===== Information shown =====

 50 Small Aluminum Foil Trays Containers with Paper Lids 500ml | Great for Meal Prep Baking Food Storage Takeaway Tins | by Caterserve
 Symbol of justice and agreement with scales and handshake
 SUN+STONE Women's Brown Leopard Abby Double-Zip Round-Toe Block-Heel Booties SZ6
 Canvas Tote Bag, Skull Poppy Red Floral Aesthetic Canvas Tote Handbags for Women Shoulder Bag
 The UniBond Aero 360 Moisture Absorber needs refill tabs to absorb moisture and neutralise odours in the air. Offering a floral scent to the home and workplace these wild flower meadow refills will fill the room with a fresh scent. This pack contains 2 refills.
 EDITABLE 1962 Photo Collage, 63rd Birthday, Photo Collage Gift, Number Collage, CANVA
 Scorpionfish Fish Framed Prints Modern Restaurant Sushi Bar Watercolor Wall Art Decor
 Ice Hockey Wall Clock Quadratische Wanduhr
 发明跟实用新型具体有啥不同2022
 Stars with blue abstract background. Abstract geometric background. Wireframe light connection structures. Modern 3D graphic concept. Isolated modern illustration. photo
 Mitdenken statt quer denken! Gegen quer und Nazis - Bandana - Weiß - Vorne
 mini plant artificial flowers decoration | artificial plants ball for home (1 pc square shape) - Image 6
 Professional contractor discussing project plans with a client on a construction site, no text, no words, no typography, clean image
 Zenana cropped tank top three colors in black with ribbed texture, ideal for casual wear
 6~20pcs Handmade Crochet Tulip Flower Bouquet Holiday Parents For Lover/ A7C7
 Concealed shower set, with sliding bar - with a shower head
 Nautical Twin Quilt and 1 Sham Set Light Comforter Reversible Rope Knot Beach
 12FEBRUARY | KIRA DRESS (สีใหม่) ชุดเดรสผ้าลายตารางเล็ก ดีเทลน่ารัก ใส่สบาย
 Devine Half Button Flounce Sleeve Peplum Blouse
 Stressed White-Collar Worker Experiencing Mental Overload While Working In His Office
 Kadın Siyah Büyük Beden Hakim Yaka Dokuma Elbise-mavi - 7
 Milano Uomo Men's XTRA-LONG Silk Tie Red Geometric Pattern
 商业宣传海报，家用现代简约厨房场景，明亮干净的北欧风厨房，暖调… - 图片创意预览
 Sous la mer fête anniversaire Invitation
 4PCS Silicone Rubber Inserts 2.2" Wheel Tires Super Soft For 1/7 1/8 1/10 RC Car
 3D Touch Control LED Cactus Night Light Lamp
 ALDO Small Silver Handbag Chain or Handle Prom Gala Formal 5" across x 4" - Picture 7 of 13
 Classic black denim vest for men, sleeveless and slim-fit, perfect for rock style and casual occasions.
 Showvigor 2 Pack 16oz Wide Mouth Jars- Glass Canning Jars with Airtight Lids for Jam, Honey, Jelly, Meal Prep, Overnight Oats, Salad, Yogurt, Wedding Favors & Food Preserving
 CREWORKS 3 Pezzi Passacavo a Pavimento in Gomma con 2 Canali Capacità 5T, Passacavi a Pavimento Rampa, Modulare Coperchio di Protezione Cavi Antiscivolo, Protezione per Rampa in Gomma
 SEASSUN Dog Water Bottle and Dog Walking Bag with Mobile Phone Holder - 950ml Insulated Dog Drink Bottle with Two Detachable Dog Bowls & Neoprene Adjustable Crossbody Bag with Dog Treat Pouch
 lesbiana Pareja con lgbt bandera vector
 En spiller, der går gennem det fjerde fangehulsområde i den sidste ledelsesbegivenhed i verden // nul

=====

### [What this task involves]
Each line above that contains the string "Lids" should be copied.

### [Answer space]
 50 Small Aluminum Foil Trays Containers with Paper Lids 500ml | Great for Meal Prep Baking Food Storage Takeaway Tins | by Caterserve
 Showvigor 2 Pack 16oz Wide Mouth Jars- Glass Canning Jars with Airtight Lids for Jam, Honey, Jelly, Meal Prep, Overnight Oats, Salad, Yogurt, Wedding Favors & Food Preserving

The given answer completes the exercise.